What Episodic Memory Means for AI Agents
Humans remember experiences, not just facts. Your agent should too.
When you remember a meeting, you don’t recall a JSON object. You remember the moment — the room, the voice, the pause before someone made a key point. Humans have episodic memory. AI agents don’t. That’s about to change.
Two Kinds of Memory
Cognitive science distinguishes between:
Semantic Memory — Facts and concepts
- “The capital of France is Paris”
- “Water boils at 100°C”
- Timeless, context-free, declarative
Episodic Memory — Experienced events
- “I remember the meeting where we discussed the budget”
- “That call where the client mentioned timeline concerns”
- Time-stamped, contextual, experiential
Most AI memory systems are semantic. Vector databases store embeddings of facts. RAG retrieves documents. But agents that perceive need episodic memory. They need to remember what they saw and heard, when it happened, and what the context was.
Why Episodic Matters
Consider these queries:
| Query | Memory Type | What’s Needed |
|---|---|---|
| “What is our pricing model?” | Semantic | Retrieved from docs |
| “What did the client say about pricing last Tuesday?” | Episodic | Retrieved from recordings |
| “How many people attended the meeting?” | Episodic | Visual memory of the event |
| “What was on screen when they mentioned the deadline?” | Episodic | Multimodal temporal context |
Semantic memory can’t answer episodic questions. You need memory of experiences — not just facts.

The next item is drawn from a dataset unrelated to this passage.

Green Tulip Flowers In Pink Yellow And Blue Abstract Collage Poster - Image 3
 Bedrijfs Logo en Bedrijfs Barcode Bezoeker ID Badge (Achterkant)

Video as Natural Episodic Memory
Video is inherently episodic.
Video captures several properties that make it ideal for episodic memory:
- Time-indexed — Every frame has a timestamp
- Multi-sensory — Visual + audio together
- Contextual — Shows the environment, not just content
- Continuous — Captures the flow of events
When you record a meeting, you’re creating episodic memory. The challenge is making it retrievable.
The Memory Problem
Raw recordings aren’t queryable. You can’t ask an MP4 file “what happened?”
Traditional approaches:
- Full transcription — Converts audio to text, loses visual context
- Frame extraction — Expensive, loses temporal flow
- Manual notes — Doesn’t scale, subjective
- Just store it — Recording exists but no one can find anything
None of these create true episodic memory. They create archives.
Indexed Episodic Memory
The solution: indexes that understand what happened and when.
# Create episodic memory from a video
video.index_spoken_words() # What was said
video.index_scenes(prompt="Describe activities and events") # What happened
# Query episodic memory
results = video.search("budget discussion")
for shot in results.shots:
print(f"At {shot.start}s: {shot.text}")
shot.play() # Relive the moment
The index is the memory. It captures:
- What happened (semantic content)
- When it happened (timestamps)
- Evidence (playable links)
Ephemeral vs Persistent
Not all perception needs permanent memory.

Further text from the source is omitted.